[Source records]
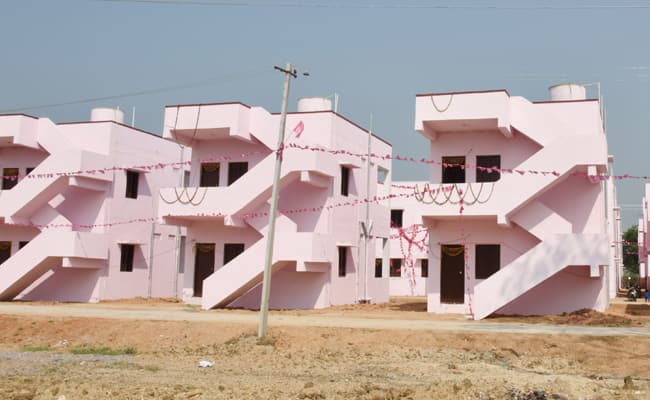 Double bedroom houses should be given to all the eligible people by January 10 DNN Nizamabad News: జనవరి 10 కల్లా అర్హులందరికీ డబుల్ బెడ్ రూం ఇళ్లు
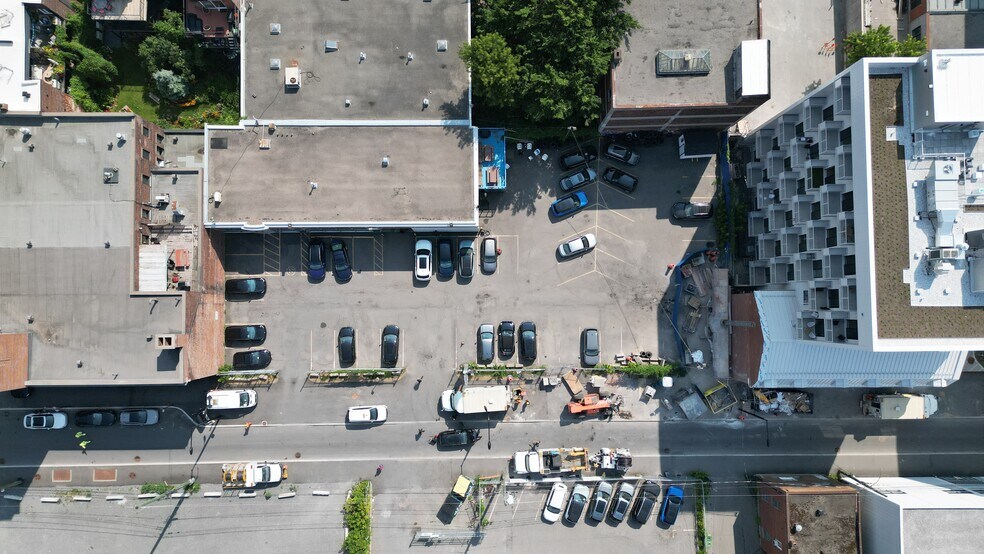 More Photos Of 280 Rue Young, Montréal Auto Repair For Lease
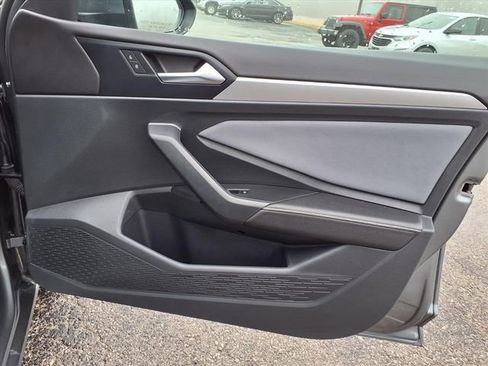 Used 2025 Volkswagen Jetta SE image 80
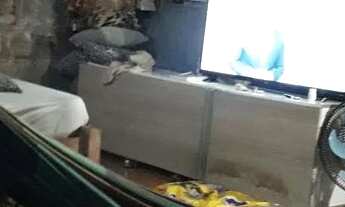 Imagem 5: Casa na gruta Lurdes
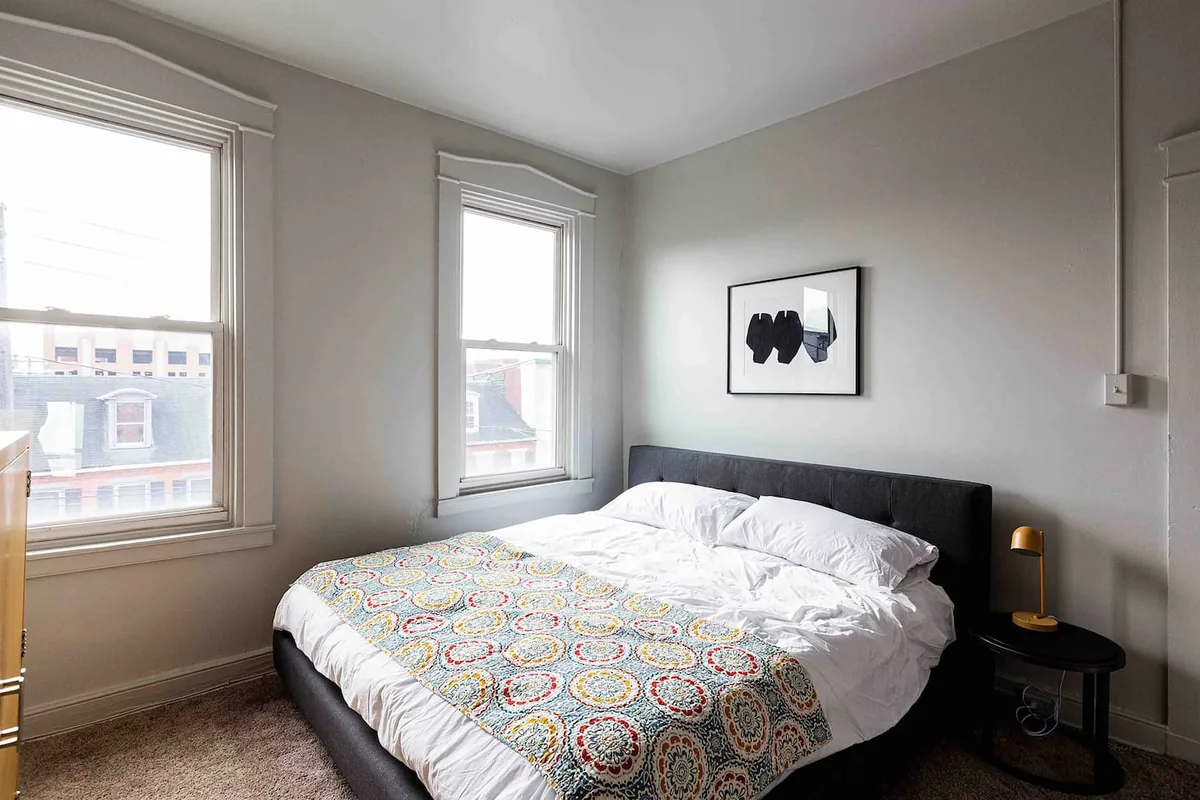 King bedroom at the Greenhouse on Walnut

■ **EXERCISE AIM**:
Could you copy each line above exactly as written, minus any pictures?

■ **FINAL ANSWER**:
 Double bedroom houses should be given to all the eligible people by January 10 DNN Nizamabad News: జనవరి 10 కల్లా అర్హులందరికీ డబుల్ బెడ్ రూం ఇళ్లు
 More Photos Of 280 Rue Young, Montréal Auto Repair For Lease
 Used 2025 Volkswagen Jetta SE image 80
 Imagem 5: Casa na gruta Lurdes
 King bedroom at the Greenhouse on Walnut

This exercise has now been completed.